Sunday, October 29, 2017

Knock Knock...

I probably asked my friends weird question in the middle of the nite. That's the only way I can find out.....if there's anyhing wrong....

And before I know the answers, I keep wondering..feeling..hoping that i didnt hurt anyone.

This is insane. Is this whole thing is just a dream?

Monday, October 23, 2017

The Listeners

I'm not talking about the series (not even close! 😅) to it has similar title..

Being in Mom circle is confusing. I believe they are sweet n nice, but...they're too loud sometimes 😅

They're as confused as I am. I guess.

Why are you so quiet?
I don't like chit chat. I listen.

Why are you always busy?
If I don't create anything, I'm dead.

Why you seems ignorance n careless with people around you?
Ooh??  Tell me about being ignorance 😑

The point is...this is pointless. Just another aah-moment 😛

Cheers from the east 💛

Friday, October 13, 2017

Re-reading: Dunia Aradia

I'm a huge fan of teenlit. I have a "bad"  habit, I always read book while I eat. Some Indonesians prefer not to eat without sambal, or without crackers. Me, goin crazy looking for book to read before i took a meal.

Yeah call me crazy 😛

I usually choose teenlit, but John Grisham's and Dan Brown's are also nice to read.

Today, I've just finished reading (for a dozen times)  Dunia Aradia by Primadonna Angela. It' s a story about queen of all witches.

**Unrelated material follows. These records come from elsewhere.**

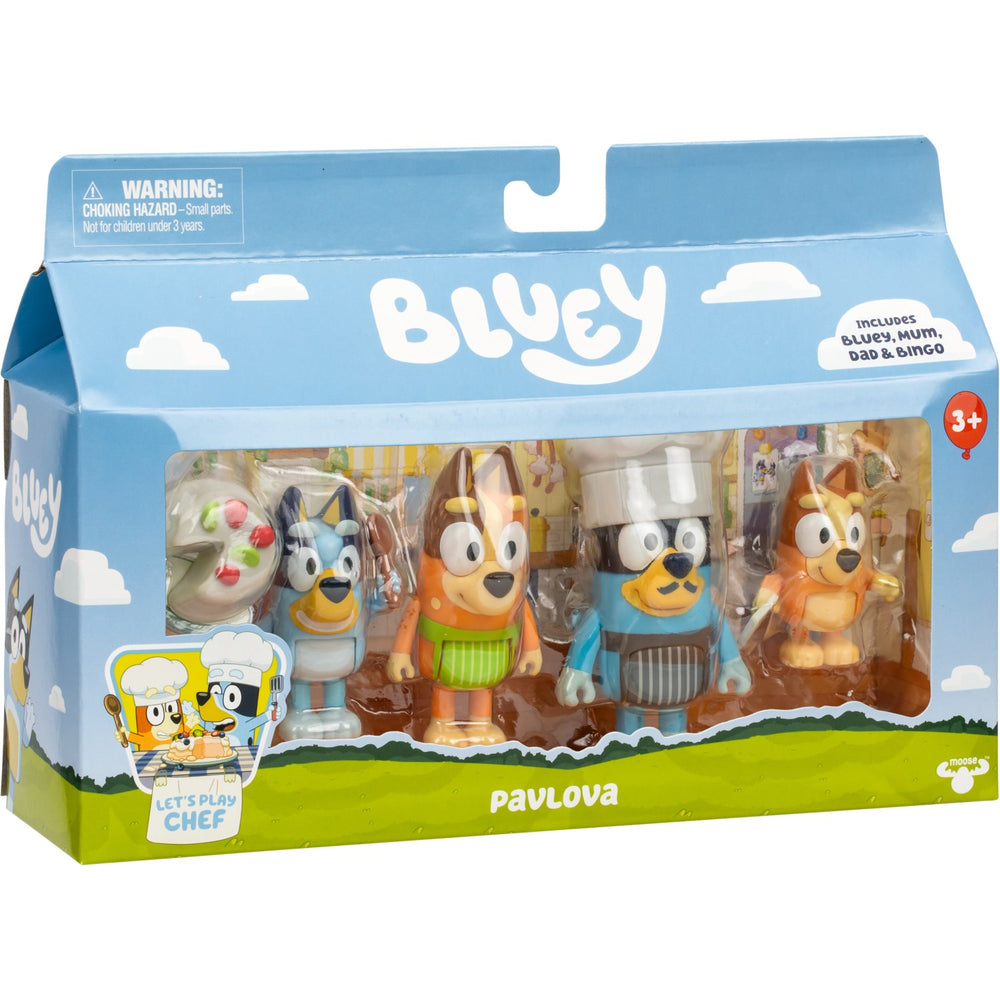 Køb Bluey Figur 4-Pak Dessert Time Pavlova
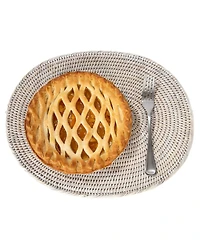 Artifacts Rattan Oval Placemat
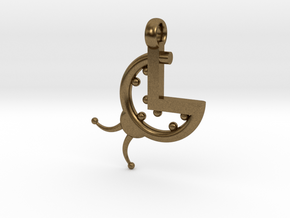 La Coccinella - Logo 3D portachiavi in Natural Bronze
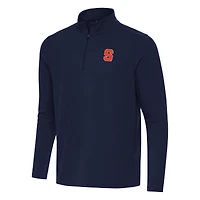 Haut à fermeture éclair quart de tour Antigua Navy Syracuse Orange Intent pour homme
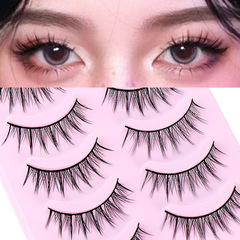 5對裝小惡魔COS漫畫眼睫毛仿真自然濃密交叉日常裸妝假睫毛批發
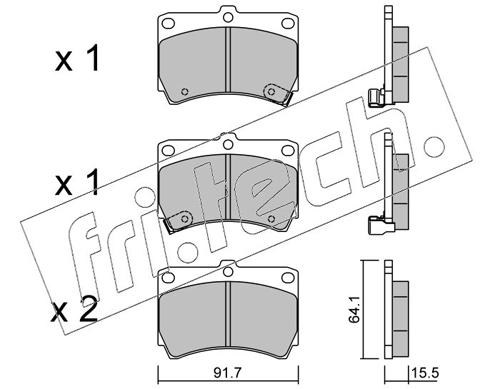 Brake Pad Set, disc brake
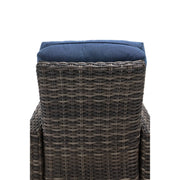 Grey Kampala Lifeguard Lapis Indigo Recliner - The Great Escape
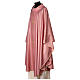 Chasuble 100% pure laine vierge double retors Tasmanie 3 croix rose s4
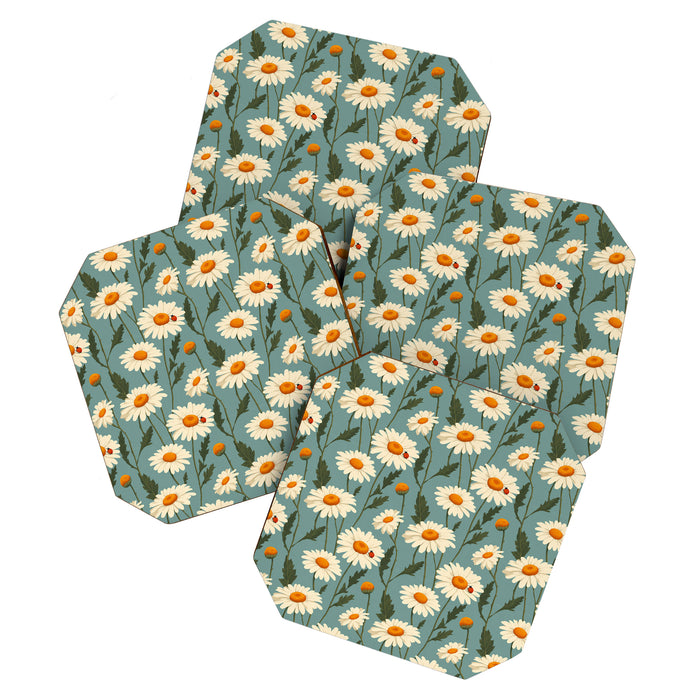 Charming Daisies with Ladybug Coaster Gallery Image 1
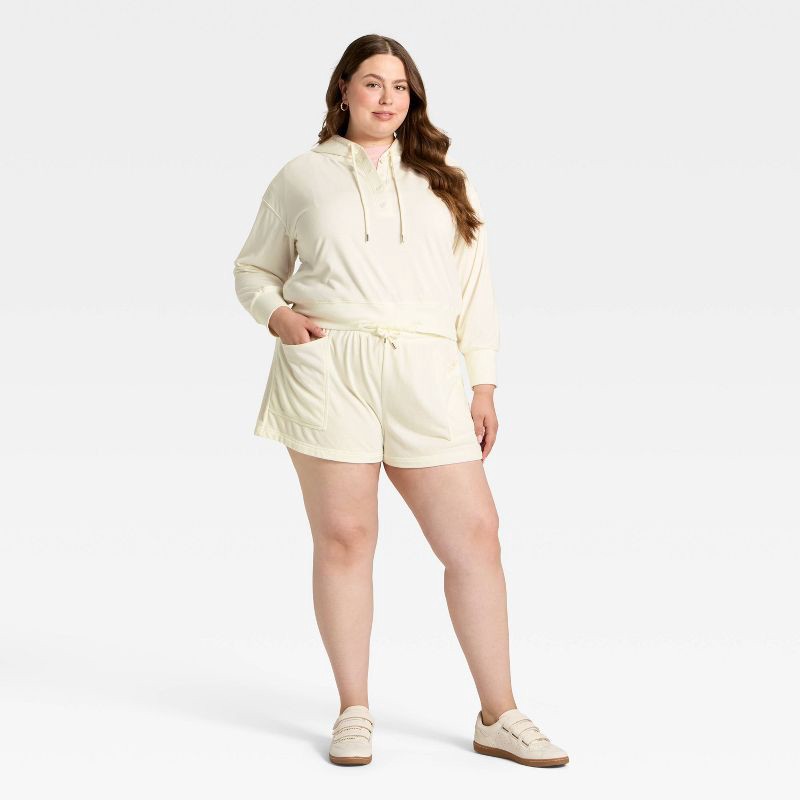 slide 3 of 3, Women's Hooded Sweatshirt - Universal Thread™ Cream XXL, 1 ct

Something attracked me at Questions and Answers chapter at the back. The author answered the question on where she got the idea of that story. And this is what she said, something like this:

"That's when I sat by the window, my mind was wandering around. And suddenly came a little fairy asking for my help. She spread some glittering Fairy Dusts that brought back my memory from the life before, which was erased when I left fairy land."

So the dusts ring a bell....

Of course that could be just a metaphores..but feels relate somehow.

Good morning ☺

Friday, September 15, 2017

Imaginations...

once upon a time.... #eh 

well. 

have you ever had an imaginary friend? i didnt 😜 but i wished i had  a twin sister, and we could prank people around us. hahaha.

i'm talking about my tot now. she grabbed my phone n opened my image folders.. and saw a can-bday cake we made couple weeks ago. she sang happy bday cheerfully. 

"whose bday?" idk why, i just asked her aimlessly.
"sister's" she replied.
huh. cool.. so she had an imaginary sister now.
"sister's? what's her name?"
"seiya."

i wonder why she picked  a masculine name. perhaps bcoz she saw some episodes of saint seiya. no. i dont allow her to watch that cartoon 😑😑😑

anyways. a kid's mind could be so refreshing huh..



Saturday, September 9, 2017

the bracelets

while i'm here, i'll continue writing. it's like dumbledore's pensieve.. haha

i have a friendship bracelet from my penpal. i still keep it somewhere, coz i'm problably a hoarder 😅 and. however. that person is my friend and always be my friend. but that's not the point.

lately i found an advert about distance bracelets. still wondering what's its concept, but it reminds me of someone who loves to wear a bracelet on right wrist.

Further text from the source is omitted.